For the last day of its ‘12 Days of OpenAI’ Christmas campaign, OpenAI revealed a new family of AI models, capable of ‘reasoning’ its way through tasks and fact-checking for itself, called o3, after the release of its first reasoning model family, o1.
Although o3 and o3 mini aren’t publicly available yet, researchers can sign up to test the mini version, with the release date due in mid-January.
According to OpenAI, o3 outperforms o1 in areas such as coding and Math, with the new model scoring 22.8% higher than o1 in coding benchmark tests, beating OpenAI’s chief scientist in competitive programming, and scoring 96.7% (missing just one question) on the 2024 American Invitational Mathematics Exam.
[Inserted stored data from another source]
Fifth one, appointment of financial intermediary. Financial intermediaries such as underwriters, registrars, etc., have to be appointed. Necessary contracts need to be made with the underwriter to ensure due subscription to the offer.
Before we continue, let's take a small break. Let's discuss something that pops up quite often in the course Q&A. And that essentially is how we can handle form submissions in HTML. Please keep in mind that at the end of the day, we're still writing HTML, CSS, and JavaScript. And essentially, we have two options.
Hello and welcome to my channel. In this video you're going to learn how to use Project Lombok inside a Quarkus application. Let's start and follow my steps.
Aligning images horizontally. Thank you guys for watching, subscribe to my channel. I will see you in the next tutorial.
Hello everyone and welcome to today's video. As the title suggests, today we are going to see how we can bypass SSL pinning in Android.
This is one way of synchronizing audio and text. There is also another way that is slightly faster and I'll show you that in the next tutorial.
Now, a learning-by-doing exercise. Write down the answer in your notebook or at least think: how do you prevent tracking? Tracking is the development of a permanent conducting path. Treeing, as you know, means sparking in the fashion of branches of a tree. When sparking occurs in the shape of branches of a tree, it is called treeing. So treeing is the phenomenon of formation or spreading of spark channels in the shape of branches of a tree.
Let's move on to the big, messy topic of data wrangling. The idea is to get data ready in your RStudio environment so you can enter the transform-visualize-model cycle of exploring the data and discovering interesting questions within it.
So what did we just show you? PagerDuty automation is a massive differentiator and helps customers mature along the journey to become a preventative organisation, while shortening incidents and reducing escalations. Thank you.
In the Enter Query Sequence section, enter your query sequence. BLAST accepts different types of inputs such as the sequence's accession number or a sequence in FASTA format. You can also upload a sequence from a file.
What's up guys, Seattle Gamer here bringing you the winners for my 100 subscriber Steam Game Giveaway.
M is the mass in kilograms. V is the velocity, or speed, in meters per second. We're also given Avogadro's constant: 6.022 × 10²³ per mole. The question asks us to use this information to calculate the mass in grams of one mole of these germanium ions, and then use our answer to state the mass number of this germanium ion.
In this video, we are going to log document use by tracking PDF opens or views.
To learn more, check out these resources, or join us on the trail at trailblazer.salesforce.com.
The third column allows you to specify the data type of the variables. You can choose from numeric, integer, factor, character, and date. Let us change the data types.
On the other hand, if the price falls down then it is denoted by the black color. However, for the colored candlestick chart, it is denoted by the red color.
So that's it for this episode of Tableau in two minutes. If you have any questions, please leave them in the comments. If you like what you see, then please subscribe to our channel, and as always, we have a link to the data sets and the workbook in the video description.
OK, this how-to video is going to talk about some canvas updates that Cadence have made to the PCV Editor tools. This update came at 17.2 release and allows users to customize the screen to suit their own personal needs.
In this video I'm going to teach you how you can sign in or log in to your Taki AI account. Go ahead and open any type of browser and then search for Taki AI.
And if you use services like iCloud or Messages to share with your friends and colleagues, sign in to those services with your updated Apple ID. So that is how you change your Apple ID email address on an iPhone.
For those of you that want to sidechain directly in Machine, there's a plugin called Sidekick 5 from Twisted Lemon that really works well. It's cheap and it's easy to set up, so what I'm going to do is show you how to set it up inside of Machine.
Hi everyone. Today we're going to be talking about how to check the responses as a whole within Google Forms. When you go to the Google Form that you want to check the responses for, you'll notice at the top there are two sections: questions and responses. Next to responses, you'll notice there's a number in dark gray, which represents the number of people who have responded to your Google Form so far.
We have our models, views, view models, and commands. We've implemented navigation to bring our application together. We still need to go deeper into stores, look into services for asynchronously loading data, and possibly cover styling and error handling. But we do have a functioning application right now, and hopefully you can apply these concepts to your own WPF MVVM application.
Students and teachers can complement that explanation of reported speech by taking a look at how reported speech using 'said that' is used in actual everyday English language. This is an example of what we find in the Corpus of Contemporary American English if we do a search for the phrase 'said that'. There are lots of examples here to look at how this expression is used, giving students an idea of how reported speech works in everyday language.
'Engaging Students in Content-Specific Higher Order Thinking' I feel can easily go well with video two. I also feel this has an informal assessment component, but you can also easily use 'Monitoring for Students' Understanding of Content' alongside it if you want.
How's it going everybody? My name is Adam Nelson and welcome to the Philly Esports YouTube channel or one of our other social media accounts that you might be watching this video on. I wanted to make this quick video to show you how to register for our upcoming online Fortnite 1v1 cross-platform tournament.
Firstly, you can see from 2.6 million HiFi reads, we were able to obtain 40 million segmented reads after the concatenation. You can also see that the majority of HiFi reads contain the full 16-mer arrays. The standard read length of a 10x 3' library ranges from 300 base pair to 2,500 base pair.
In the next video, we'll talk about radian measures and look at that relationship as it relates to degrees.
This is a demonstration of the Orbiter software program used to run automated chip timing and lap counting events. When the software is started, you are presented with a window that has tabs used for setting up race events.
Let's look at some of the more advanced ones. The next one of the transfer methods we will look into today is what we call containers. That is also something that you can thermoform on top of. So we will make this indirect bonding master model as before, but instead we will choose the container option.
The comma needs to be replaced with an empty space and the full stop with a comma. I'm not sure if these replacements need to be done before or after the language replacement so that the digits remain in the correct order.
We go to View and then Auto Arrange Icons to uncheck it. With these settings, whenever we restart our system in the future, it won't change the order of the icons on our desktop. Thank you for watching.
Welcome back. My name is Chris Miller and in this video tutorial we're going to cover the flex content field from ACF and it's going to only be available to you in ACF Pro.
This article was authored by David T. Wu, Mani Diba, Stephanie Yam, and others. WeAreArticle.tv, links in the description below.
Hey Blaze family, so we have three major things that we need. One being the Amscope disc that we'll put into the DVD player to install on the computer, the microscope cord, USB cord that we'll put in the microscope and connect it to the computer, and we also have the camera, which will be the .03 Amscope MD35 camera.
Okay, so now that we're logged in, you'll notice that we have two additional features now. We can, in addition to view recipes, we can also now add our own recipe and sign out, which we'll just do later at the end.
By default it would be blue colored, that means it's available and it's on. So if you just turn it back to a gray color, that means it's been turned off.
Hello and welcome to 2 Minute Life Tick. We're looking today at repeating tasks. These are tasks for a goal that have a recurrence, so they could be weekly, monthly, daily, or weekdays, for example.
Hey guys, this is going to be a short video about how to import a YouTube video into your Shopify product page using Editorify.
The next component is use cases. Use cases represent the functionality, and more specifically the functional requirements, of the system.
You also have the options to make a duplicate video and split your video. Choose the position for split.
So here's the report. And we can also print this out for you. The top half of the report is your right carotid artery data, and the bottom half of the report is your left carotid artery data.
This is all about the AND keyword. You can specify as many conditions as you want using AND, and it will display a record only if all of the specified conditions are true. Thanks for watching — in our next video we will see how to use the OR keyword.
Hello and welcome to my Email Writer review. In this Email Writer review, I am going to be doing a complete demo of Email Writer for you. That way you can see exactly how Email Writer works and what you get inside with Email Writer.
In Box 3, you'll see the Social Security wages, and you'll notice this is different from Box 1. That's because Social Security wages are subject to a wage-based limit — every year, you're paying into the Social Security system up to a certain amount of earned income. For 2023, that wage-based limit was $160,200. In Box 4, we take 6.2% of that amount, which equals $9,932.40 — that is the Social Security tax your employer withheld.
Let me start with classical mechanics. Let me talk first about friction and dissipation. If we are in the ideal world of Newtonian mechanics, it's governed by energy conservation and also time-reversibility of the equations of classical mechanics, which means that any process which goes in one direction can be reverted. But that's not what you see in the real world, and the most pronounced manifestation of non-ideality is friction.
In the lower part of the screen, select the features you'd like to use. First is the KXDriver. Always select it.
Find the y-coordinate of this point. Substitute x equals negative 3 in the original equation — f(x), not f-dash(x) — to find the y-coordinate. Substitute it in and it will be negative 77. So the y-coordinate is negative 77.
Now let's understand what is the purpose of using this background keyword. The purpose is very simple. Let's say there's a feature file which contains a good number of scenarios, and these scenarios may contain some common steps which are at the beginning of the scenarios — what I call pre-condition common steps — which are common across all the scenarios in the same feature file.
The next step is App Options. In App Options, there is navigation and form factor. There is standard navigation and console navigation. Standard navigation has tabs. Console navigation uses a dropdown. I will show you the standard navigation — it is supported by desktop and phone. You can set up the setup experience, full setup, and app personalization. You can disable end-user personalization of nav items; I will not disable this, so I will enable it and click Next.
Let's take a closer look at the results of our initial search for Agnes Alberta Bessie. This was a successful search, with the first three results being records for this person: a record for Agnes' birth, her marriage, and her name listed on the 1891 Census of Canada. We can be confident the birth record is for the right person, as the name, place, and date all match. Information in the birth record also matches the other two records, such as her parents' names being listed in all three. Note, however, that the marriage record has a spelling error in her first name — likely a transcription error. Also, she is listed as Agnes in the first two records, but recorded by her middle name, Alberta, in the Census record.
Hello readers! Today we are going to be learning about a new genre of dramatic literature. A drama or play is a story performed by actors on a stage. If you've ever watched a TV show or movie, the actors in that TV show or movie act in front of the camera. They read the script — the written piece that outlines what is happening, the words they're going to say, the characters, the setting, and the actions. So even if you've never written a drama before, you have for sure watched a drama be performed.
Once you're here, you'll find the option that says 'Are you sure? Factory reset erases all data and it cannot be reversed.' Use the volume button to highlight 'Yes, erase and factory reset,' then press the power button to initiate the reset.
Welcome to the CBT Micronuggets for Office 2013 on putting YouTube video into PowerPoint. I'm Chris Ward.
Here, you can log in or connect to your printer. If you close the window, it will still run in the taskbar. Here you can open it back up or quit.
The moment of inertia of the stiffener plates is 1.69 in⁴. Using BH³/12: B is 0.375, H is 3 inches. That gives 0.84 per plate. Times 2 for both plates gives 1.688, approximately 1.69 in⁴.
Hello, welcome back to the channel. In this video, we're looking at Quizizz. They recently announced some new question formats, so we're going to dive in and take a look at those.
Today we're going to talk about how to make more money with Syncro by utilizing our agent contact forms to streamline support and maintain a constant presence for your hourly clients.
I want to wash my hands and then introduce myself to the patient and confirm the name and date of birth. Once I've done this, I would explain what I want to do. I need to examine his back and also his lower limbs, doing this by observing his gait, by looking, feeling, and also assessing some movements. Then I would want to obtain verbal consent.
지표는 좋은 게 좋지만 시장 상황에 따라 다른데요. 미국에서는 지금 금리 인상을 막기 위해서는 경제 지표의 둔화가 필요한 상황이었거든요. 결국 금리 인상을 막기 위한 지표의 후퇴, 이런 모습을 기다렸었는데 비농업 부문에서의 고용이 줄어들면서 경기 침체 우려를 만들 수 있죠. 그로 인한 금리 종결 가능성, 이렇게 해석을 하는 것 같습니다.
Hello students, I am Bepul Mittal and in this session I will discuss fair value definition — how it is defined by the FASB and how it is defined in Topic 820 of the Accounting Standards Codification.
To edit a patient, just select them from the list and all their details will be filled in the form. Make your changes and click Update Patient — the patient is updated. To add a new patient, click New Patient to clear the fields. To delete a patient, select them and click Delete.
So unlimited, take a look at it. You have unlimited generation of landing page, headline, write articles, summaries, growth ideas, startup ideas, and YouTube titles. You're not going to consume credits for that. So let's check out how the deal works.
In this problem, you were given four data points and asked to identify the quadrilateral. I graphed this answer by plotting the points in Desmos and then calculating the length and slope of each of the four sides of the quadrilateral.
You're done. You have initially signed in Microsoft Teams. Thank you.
It also solved 25.2% of problems on EpochAI’s Frontier Math benchmark test, which is more than any other AI model has ever been able to achieve, with the maximum amount being just 2%. It also scored 87.7% on the GPQA Diamond test, which includes graduate-level biology, physics, and chemistry questions.
Although OpenAI confirmed that o1 and o3 had been trained on a new technique called “deliberative alignment,” designed to align the models on its company safety principles, safety experts are concerned that these models are capable of deceiving human users at a higher rate than traditional AI models, from the likes of Meta, Google, and Anthropic.